Si les signatures figurant sur chacun des deux ordres de paiement litigieux empruntaient à l'original dont disposait la banque certaines similitudes, elles présentaient toutefois des différences perceptibles notamment quant à la taille de la signature contrefaite laquelle était dilatée que l'originale ;

Aux termes de l'article 279 du Code de procédure civile, le Tribunal saisi en cours d'instance d'un incident de vérification d'écritures peut statuer immédiatement s'il possède des éléments d'appréciation suffisants ou ordonner la comparution des parties à cette fin puis instaurer une mesure d'expertise ;

Ces dispositions légales n'emportent pas obligation pour le tribunal d'ordonner un examen graphologique s'il possède des éléments suffisants pour asseoir sa décision ;

En l'espèce le tribunal disposait par la comparaison des signatures litigieuses avec les originaux des éléments suffisants pour statuer immédiatement sans recourir à une procédure de vérification plus étendue des écritures ;

Aucun grief ne peut être articulé à son encontre de ce chef ;

Dès lors que les premiers juges ont valablement considéré que la banque ne rapportait pas la preuve de ce qu'elle s'était régulièrement libérée de son obligation de restitution des fonds et l'ont condamnée au paiement des sommes réclamées par H.S. ;

Le refus apporté par la banque à recréditer le compte de H.S. du montant des sommes qu'elle avait irrégulièrement débitées, alors qu'elle ne pouvait ignorer le caractère frauduleux des deux ordres de paiement litigieux n'a pas manqué de générer un préjudice au détriment de celui-ci ;

C'est à bon droit que les premiers juges ont satisfait à la demande de dommages-intérêts par lui présentée ;

Il y a lieu de confirmer la décision entreprise en toutes ses dispositions

Motifs

La Cour,

Après en avoir délibéré conformément à la loi ;

La Cour statue sur l'appel relevé par la Société B. B. PLC à l'encontre d'un jugement prononcé le 31 mai 2007 par le Tribunal de première instance.

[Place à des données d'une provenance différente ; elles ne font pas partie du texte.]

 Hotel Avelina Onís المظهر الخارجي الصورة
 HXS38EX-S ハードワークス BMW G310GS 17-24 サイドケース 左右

Considérant les faits suivants :

H. S. qui demeure en Côte d'Ivoire, a assigné en paiement la Société B. B. PLC à Monaco, à laquelle il fait grief d'avoir indûment honoré deux ordres de virement de 65 000 euros et de 20 000 euros, par le débit du compte ouvert par lui dans les livres de la banque, au profit de deux comptes étrangers sis à Londres et à Bangkok

Aux termes du jugement déféré, le tribunal a considéré que la banque tenue d'une obligation de restitution à l'égard du déposant, ne rapportait pas la preuve qu'elle s'était valablement libérée de cette obligation, et l'a condamnée au versement au profit de H. S. de la somme de 85 000 euros avec intérêts au taux légal à compter du 16 février 2007, outre la somme de 7 000 euros à titre de dommages-intérêts.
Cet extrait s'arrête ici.